I don’t deny that if your goal is “non-fiction” – that is, to simply high-res scan a huge world and have it in total detail, not even clever DX11 tricks are going to help you. But I question how useful that is for anyone in the games industry. I expect game worlds to be mostly fiction, because they can be.

If I build a game world and I populate my overpasses with concrete support pylons, which am I going to do?

Scan hundreds of thousands of pylons all around San Diego so I can have “the actual concrete”? or
Model about 10 pylons and use them over and over, perhaps with a shader that “dirties them up” a little bit differently every time based on a noise source?

There are industries (I’m thinking GIS and medical imaging) where being able to visualize “the real data set” is absolutely critical – and it may be that Euclideon gains traction there. But for the game development pipeline, I expect fiction, I expect the crossing of multiple levels of detail, and I expect final storage space to be a real factor.

Final Id Thoughts

Two final notes, both regarding Id software…

John Carmack has come down on the side of “large art assets” as superior to “procedural generation” – that is, between an algorithm that expands data and having the artists “just make more” the later is preferable.
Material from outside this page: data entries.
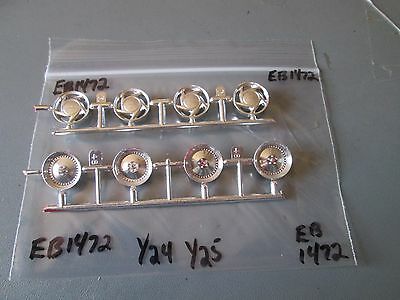 Eight (8) Chrome Wheels no backs 1/24/25 scale (parts only) Package #EB1472
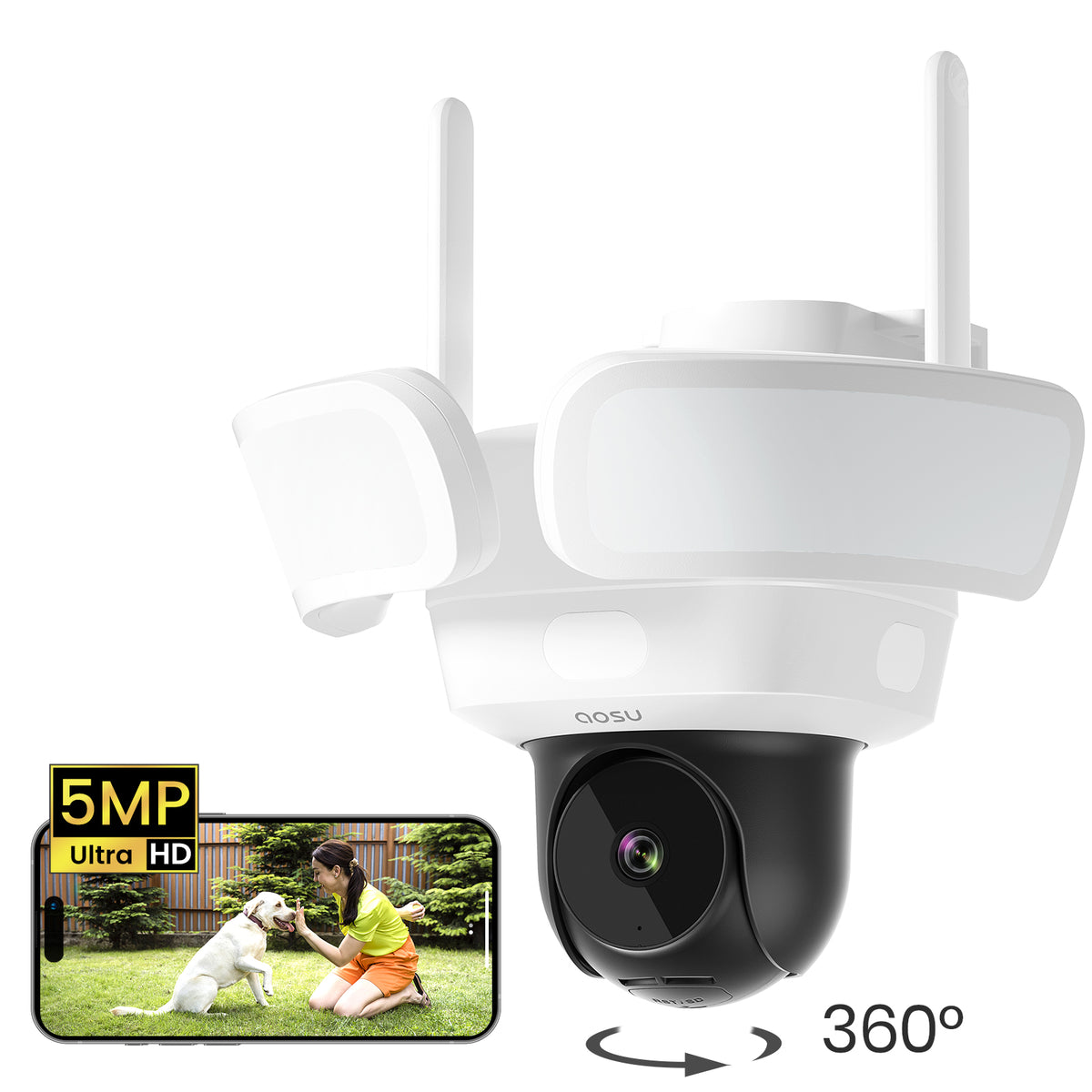 AOSU Floodlight Cam Pro - 5MP / AI Detection / Night Vision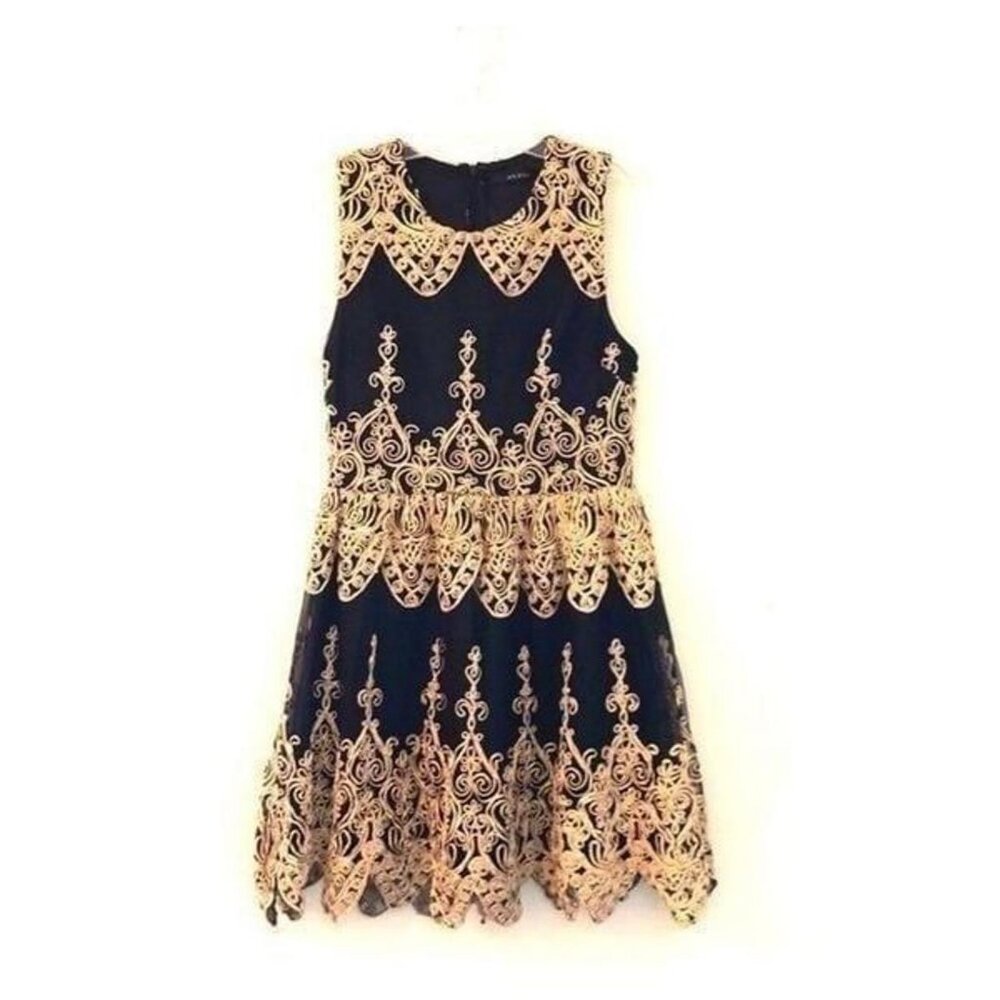 Ark & Co Black Gold Mesh Lace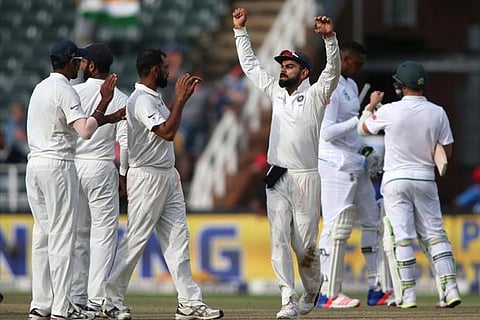 Indian Captain Virat Kohli celebrates as they win the Third Test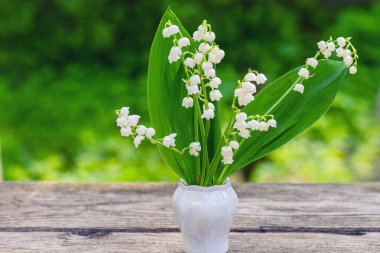 Vazo ahşap masada duran bahar çiçekleri. Vadinin bahar çiçeği zambağı. Vadideki Zambak.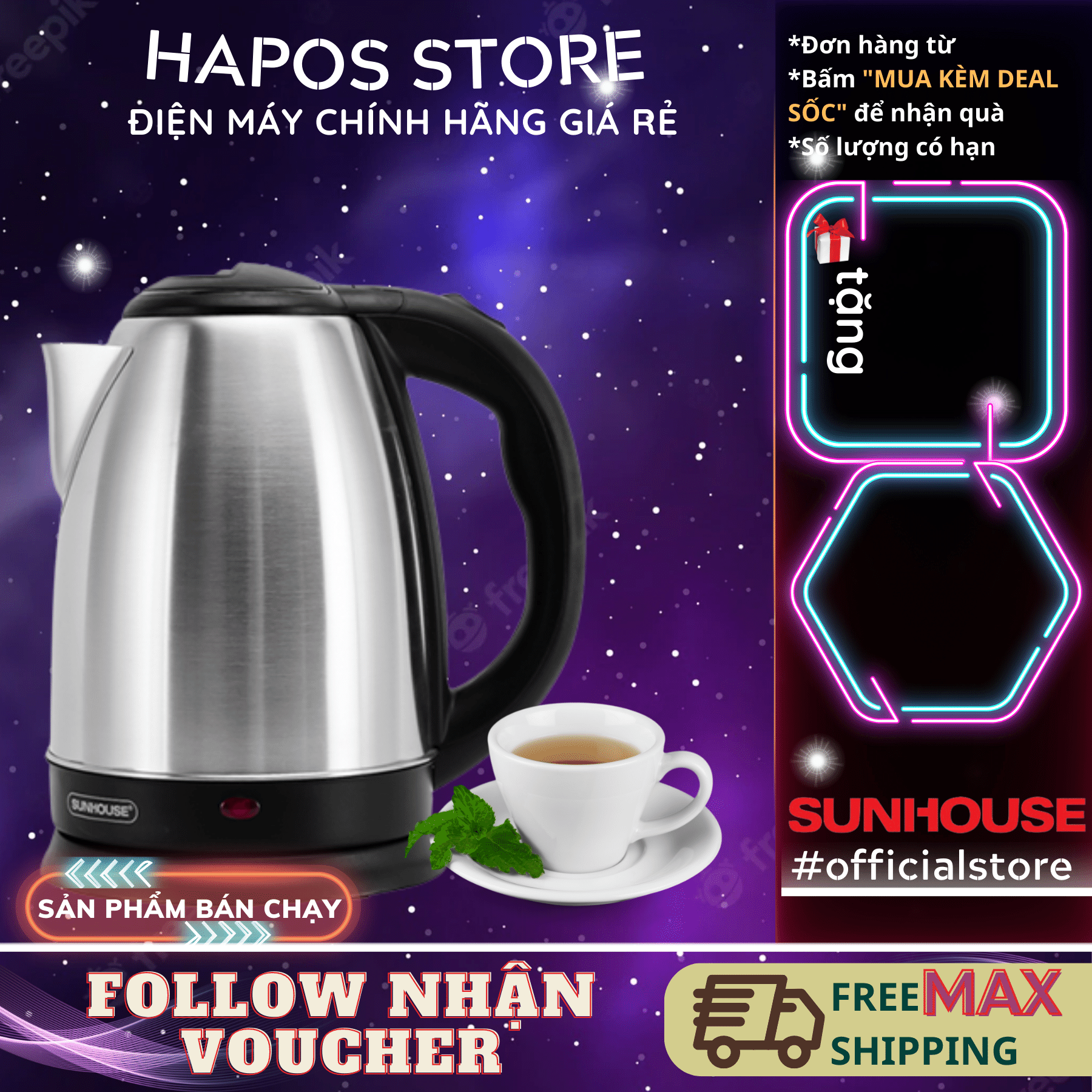 Ấm siêu tốc sunhouse happy time 1,8l bình đun siêu tốc inox cách nhiệt htd1081 công suất 1500w tự ngắt - hapos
The thrust of my argument (huge data sets aren’t shippable, and the generators of detail are being pushed to the GPU) seems like it goes against that, but I agree with Carmack for the scales he is referring to. Procedural mountains aren’t a substitute for real DEMs. I think Carmack’s argument is that we can’t cut down the amount of game content from what currently ships without losing quality. My argument is we can’t scale it up a ton without hitting distribution problems.

Finally, point clouds aren’t the only way to get scalable non-polygonal rendering; a few years ago everyone got very excited about Sparse Voxel Octrees (SVOs). A SVO is basically a 3-d texture with transparency for empty space, encoded in a very clever and efficient manner for fast rasterization and high compression. Will SVOs replace polygons? I don’t know; I suspect that we can make the same arguments against SVOs that we make against point clouds. I’m waiting to see a game put them into heavy use.

* E.g. the artist would model using NURBS and a displacement map, then let the 3-d tool “polygonalize” the model with different levels of subdivision. At high subdivision levels, smooth curves are smooth and the displacement map provides smaller detail.

** The polygon limit also comes from CPU-GPU interaction, so when final mesh generation is moved to the GPU we also just get a lot more polygons.

About Ben Supnik

Ben is a software engineer who works on X-Plane; he spends most of his days drinking coffee and swearing at the computer -- sometimes at the same time.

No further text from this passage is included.